Escrevo afagado pela brisa mansa do quintal, enquanto a tarde se encomprida já com os braços abertos para a chegada do anoitecer. Ao meu lado, minha mulher vasculha os jornais em busca de notícias que prenunciem o desencadear de um novo apagão. Estou tão caseiro que só me falta vestir um pijama de listas e calçar pantufas, sem esquecer do radinho de pilha grudado ao pé do ouvido. Um adorável odor de carneiro assado se espalha pelo ar vindo de um restaurante próximo e carros vão e vêm cheios de fregueses habituais e turistas. De qualquer modo, não posso afirmar que o dia esteja transcorrendo num clima desagradável apenas por restar em casa, sentado a uma mesa, escrevendo o que me vem à cabeça, ao invés de haver ido passear pela cidade, descobrindo novidades, aproveitando o domingo, como muita gente está fazendo agora.
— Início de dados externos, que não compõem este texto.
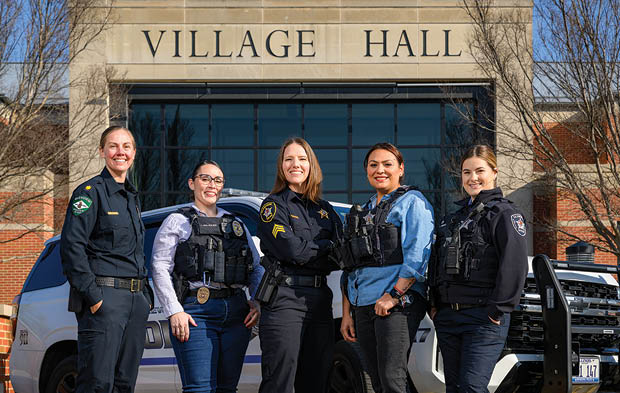 Five police officers standing in front of a building. Description generated by AI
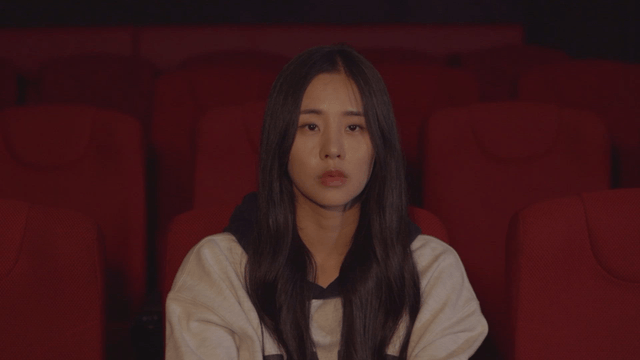 Woman sitting in a theater seat, absorbed in the experience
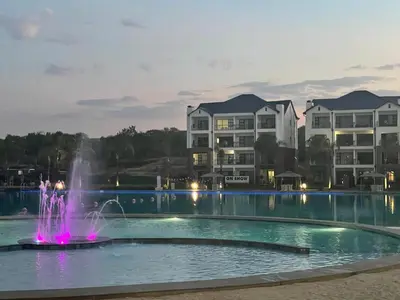 a fountain in a pool in front of some apartments at The Blyde Pretoria in Pretoria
Engraçado, daqui da nova casa, consigo ouvir o carrilhão dos sinos da Igreja dos Remédios convocando os fiéis para a missa das cinco, o que me dá uma boa sensação de familiaridade. Paro por alguns minutos o que estou fazendo e me deixo a ouvir os sinos como se rezasse. Isso me faz pensar no que diz Dona Lúcia Dummar:será que minha religiosidade está voltando? Sinceramente falando, não sei se seria bom ou mau para este suburbano escriba a esta altura da existência. Porém, não é nada que cause grandes preocupações diante de tantas outras inquietações terrenais que me corroem a alma. Questões e problemas que infestam meu cotidiano e que não me dão mais tempo para pensar em mais nada a não ser na sua pragmática resolução. Mas, viver é assim mesmo, com marés cheias e marés secas, tempestades e calmarias e que é preciso, como um velho marinheiro, ir levando o barco devagar.
Na verdade, penso que estou com saudade de tudo que deixei pra trás. Para ser mais preciso, acho que estou mesmo é com uma saudade agoniada de mim, de como eu era e estava há uns três meses atrás. É, por vezes, a gente sente saudade da gente. Outrossim, de que me adianta ficar chorando, macambúzio pelos cantos, se a vaca foi pro brejo e eu não nasci com vocação para caubói? Pior seria se eu não sentisse nada, se minhas todas emoções de súbito congelassem e me transformassem a alma numa geleira glacial. A vida continua seguindo seu ritmo cá dentro e fora de mim com seus prazeres, alegrias, tristezas e angústias habituais. Isto é o que se chama da velha condição humana. Mas que me vem um desejo de beber até o mais profundo esquecimento, de ser, por esta tarde a goela sedenta da cidade inteira. Ah, isso dá. Porém não posso, não devo, não quero.